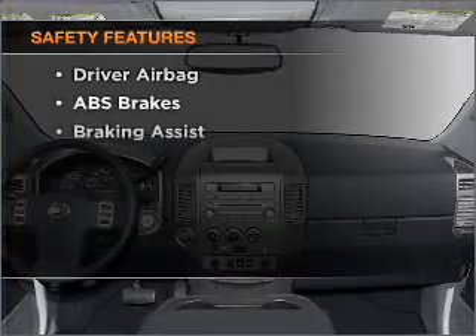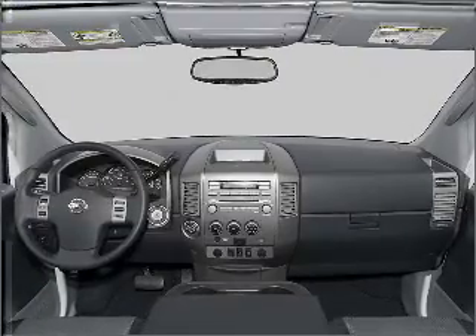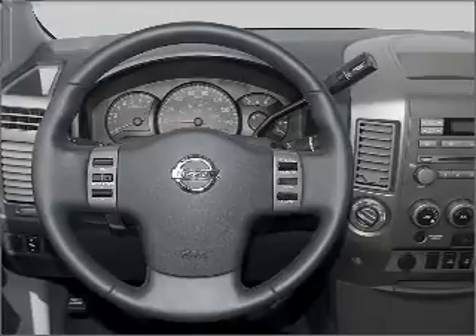If safety is a high priority, rest assured knowing that these top safety components are included: front ventilated disc brakes and a passenger airbag.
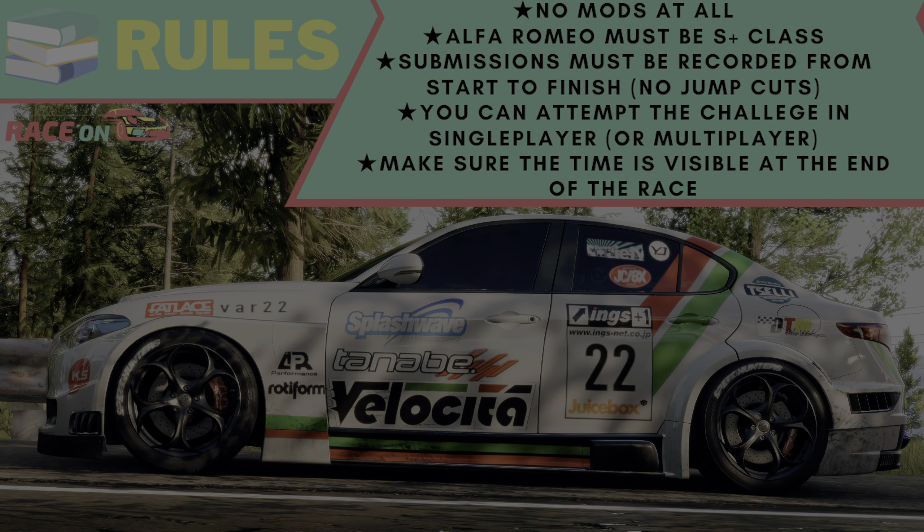Congratulations to Drunk Hooligan and Luigi for winning the pairs challenge for Race On Challenge 11. Now let's get into the rules for this week's challenge.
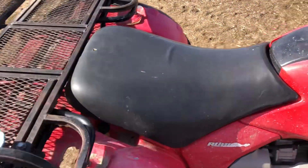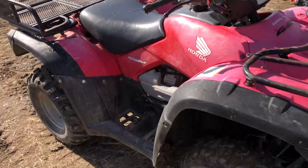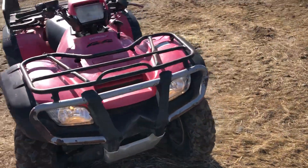Hi folks, Matt Smith with Smith Sales Company Auctioneers. Here we have this Honda Rubicon 4-wheeler. Now I drove it right to where it sits. This is a fine running 4-wheeler.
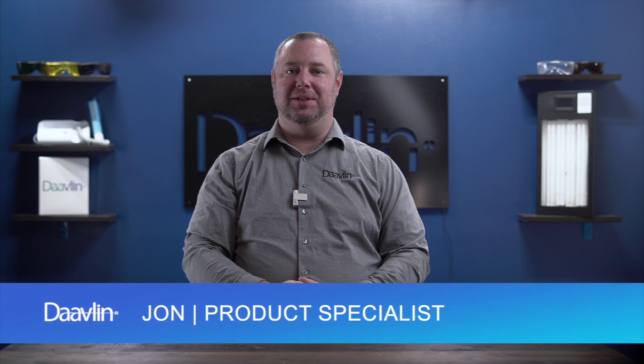Hi, everyone. John here from Davlin. In this video, we'll be discussing some of the most common asked questions we hear regarding phototherapy, phototherapy treatments, and Davlin devices. Let's get started.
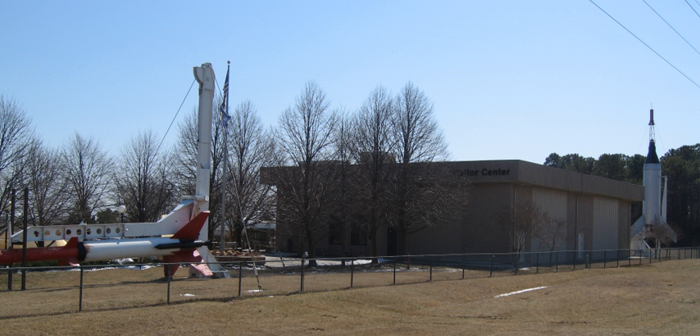The Visitor Center was established in 1982. It is named the Robert L. Krieger Education Complex, after the long-term head of Wallops Flight Facility.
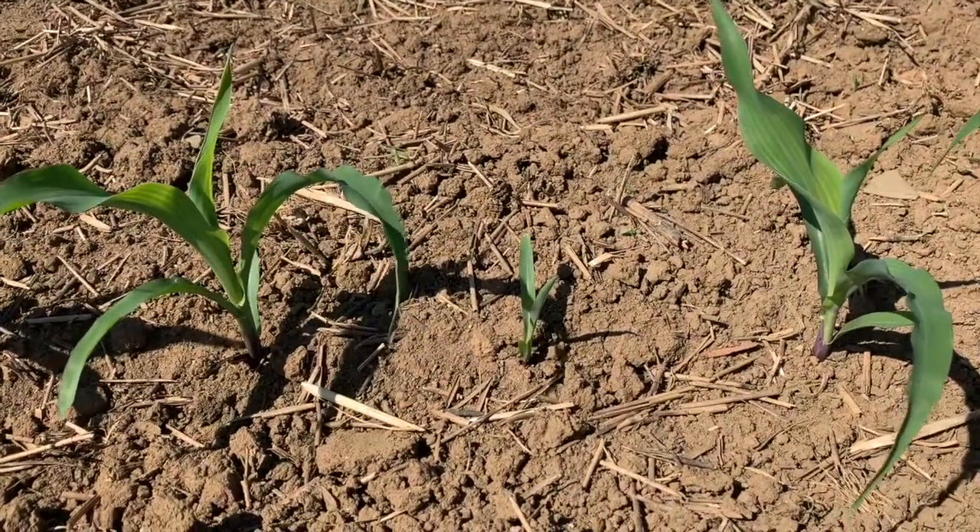But now I want to talk about Gibberella ear rot. When I think about Gibberella, I don't think about corn emergence. But you've just completed some research that tells us a little different story.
+--
Exercise description
Up to and including the line that holds "Hi, everyone. John", restate word for word each line of the records from their start, and only those lines, leaving out the pictures.

Answer section
If safety is a high priority, rest assured knowing that these top safety components are included: front ventilated disc brakes and a passenger airbag.
Congratulations to Drunk Hooligan and Luigi for winning the pairs challenge for Race On Challenge 11. Now let's get into the rules for this week's challenge.
Hi folks, Matt Smith with Smith Sales Company Auctioneers. Here we have this Honda Rubicon 4-wheeler. Now I drove it right to where it sits. This is a fine running 4-wheeler.
Hi, everyone. John here from Davlin. In this video, we'll be discussing some of the most common asked questions we hear regarding phototherapy, phototherapy treatments, and Davlin devices. Let's get started.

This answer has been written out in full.